振り返って原点を見つめ直すという作業は、どんなことにおいても大切だと思う。
自分にとってのビールの原点は、よなよなエール。
大学生の頃は、飲み会で銘柄なんて気にもせず「とりあえずビール」でゴクゴク飲んでいた。ビールの会社は、アサヒ、キリン、サッポロ、サントリー、ヱビス……? ヱビスはサッポロが造っているということも知らず、とりあえず喉を潤すためにゴクゴク飲んでいたのだ。
スーパーに行けば、大手ビールの銘柄がずらりと並ぶ。が、味の違いがわからないので選べない(今となっては、自分の勉強不足だったとは思う)。
そこに現れたのが、よなよなエール。
デザインもそうだし、ネーミングもそうだし、違いのわからない自分にも違いのわかる部分がたくさんある。ゴクゴク飲むビールではなく、夜な夜なゆっくりと飲むビールなのだな、なんてことも勝手に思っていた。
初めてよなよなエールを飲んでから10年くらい経ってビールライターとして活動しはじめ、そこからさらに10年経って今がある。その約20年の間、大手以外のビールで最初に飲んだのはよなよなエールだということをずっと覚えていた。

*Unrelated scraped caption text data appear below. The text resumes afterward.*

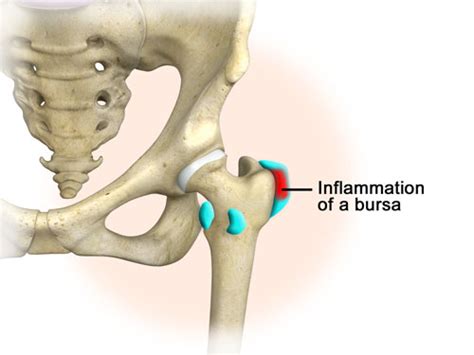 Hip Pain Singapore Sports And Orthopaedic Clinic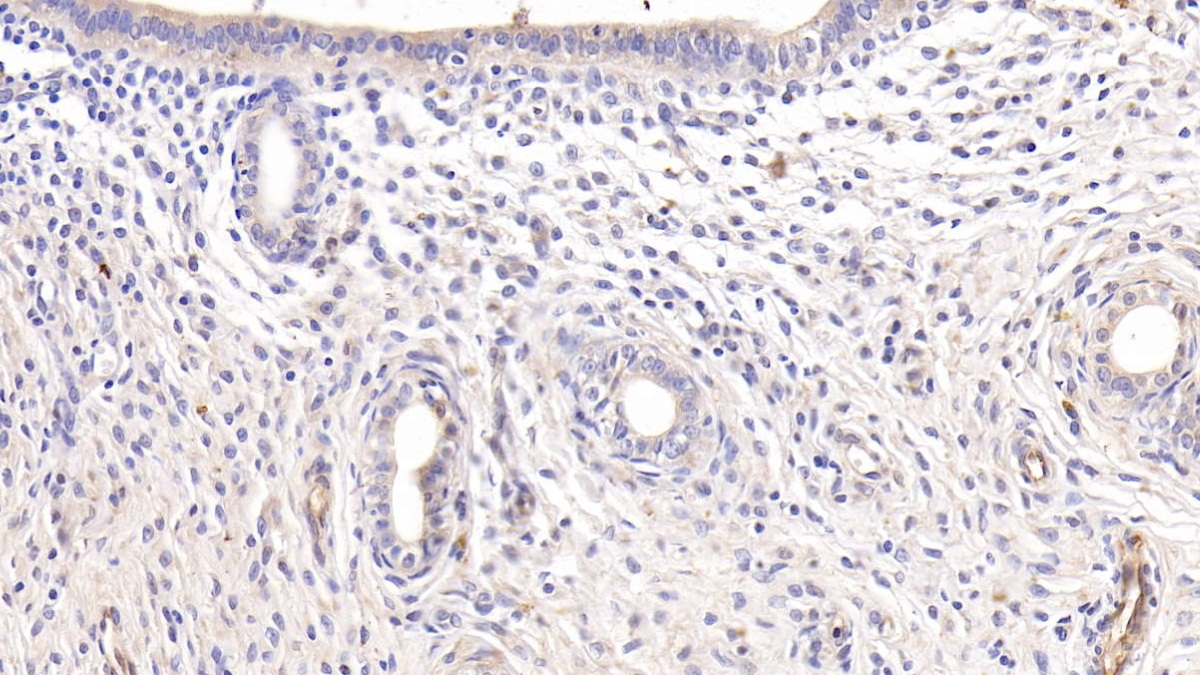 Monoclonal Antibody to Adiponectin (ADPN)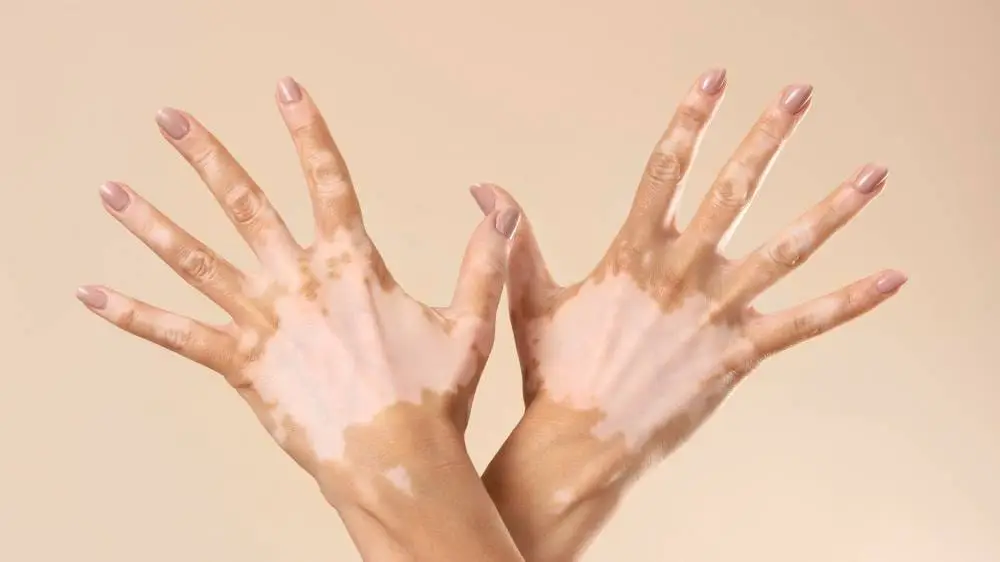 vitiligo slike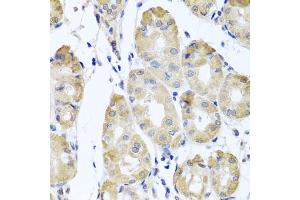 Immunohistochemistry of paraffin-embedded human stomach using CBR4 antibody. (CBR4 anticorps)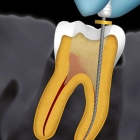 Эндодонтическое лечение 3- канального зуба (со штифтом)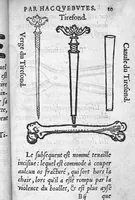 An illustration from La Méthode de traicter les playes faictes par hacquebutes et aultres bastons à feu et de celles qui sont faictes par flèches, dardz et semblables, aussy des combustions spécialement faictes par la pouldre à canon, composée par Ambroyse Paré,... (1545)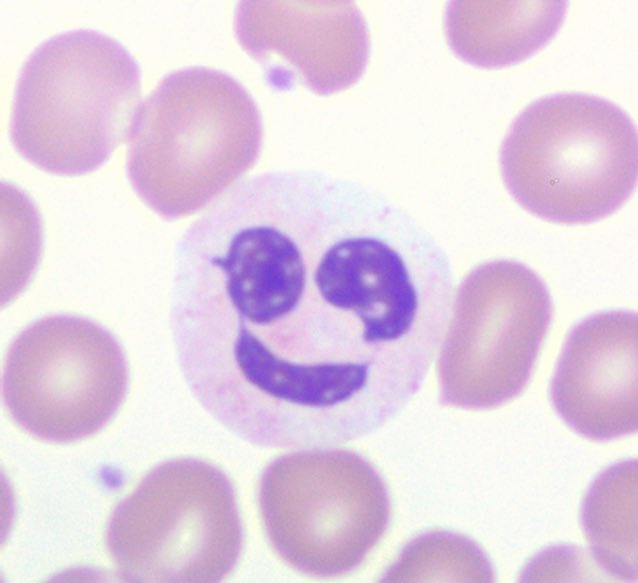 cd45dim's tweet image. Finally at the bottom of a big pile of marrows, just in time for a little vacation!  Current mood: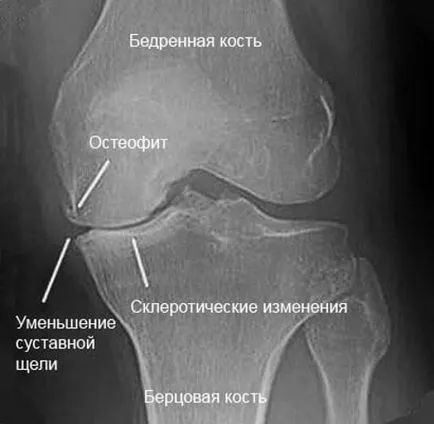 Рентгенови лъчи на колянната става изглежда като в нормални и патологични състояния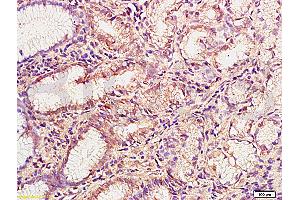 Formalin-fixed and paraffin embedded human gastric mucosa labeled with Anti-MMP-3 Polyclonal Antibody (ABIN668301), Unconjugated at 1:200, followed by conjugation to the secondary antibody and DAB staining (MMP3 antibody  (AA 401-477))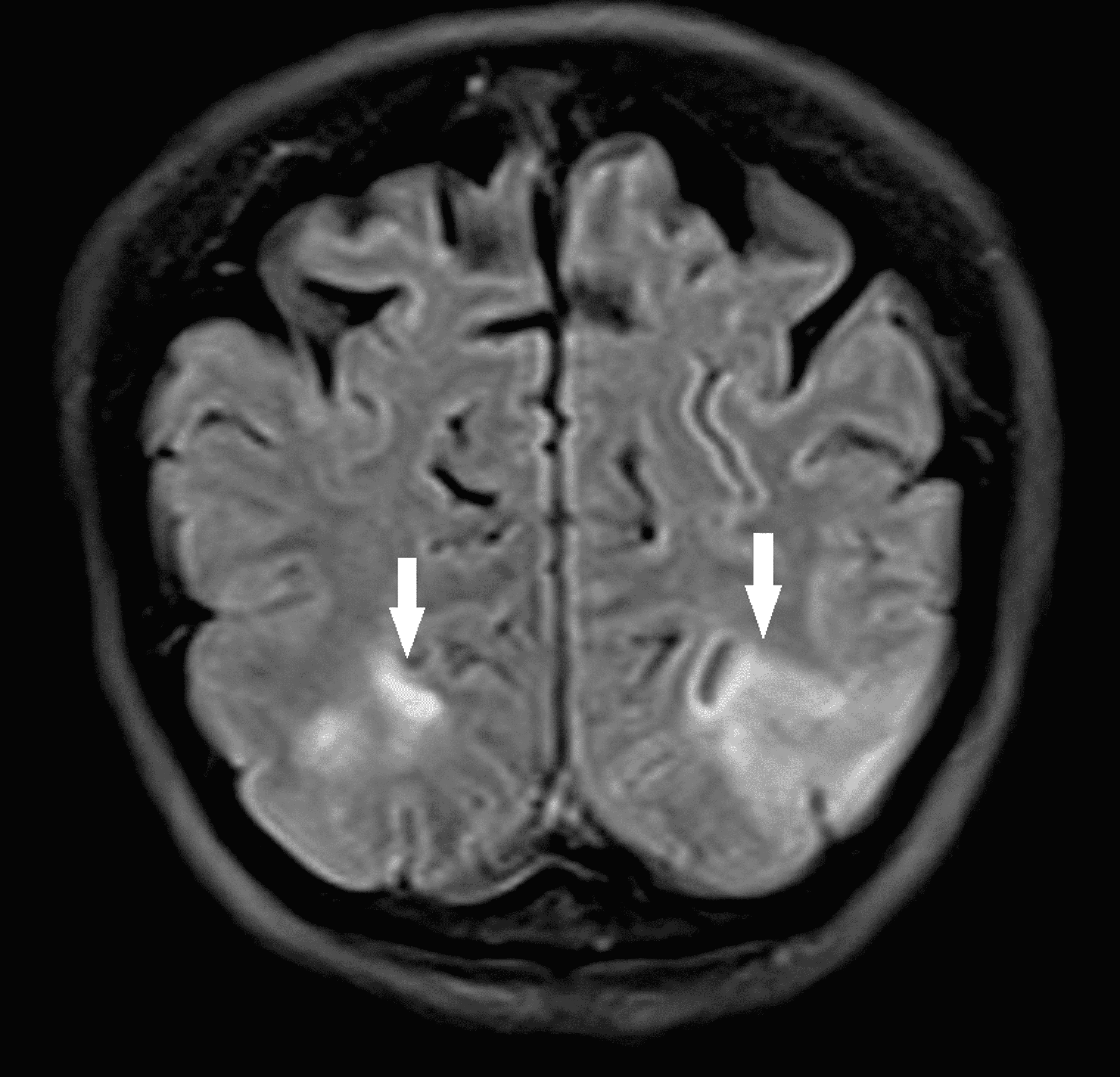 Cureus Posterior Reversible Encephalopathy Syndrome Secondary to R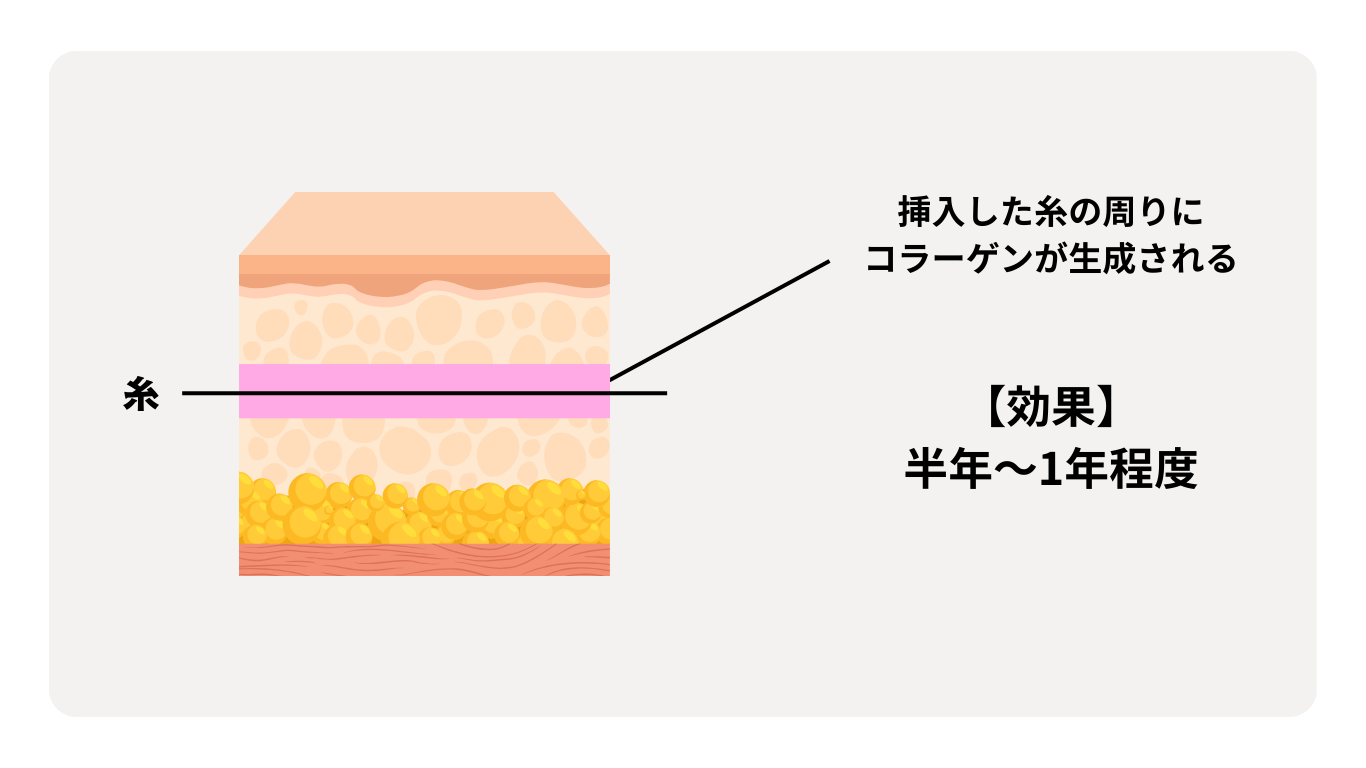 糸＋うるおいコラーゲンリフト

デザイン、ネーミング、飲み方、そしてそれらを含むマーケティング。市場の99%を大手ビールが占める中、小さい会社がそこで手にとってもらえるための戦略が考えられていた。もちろん、どれだけ飲んでも飽きない味も魅力のひとつ。
ビールのことを考えるときには、よなよなエールがいつも自分にとっての原点となる存在。
原点が原点のままでいてくれることで、自分もブレずに進むことができるような気がする。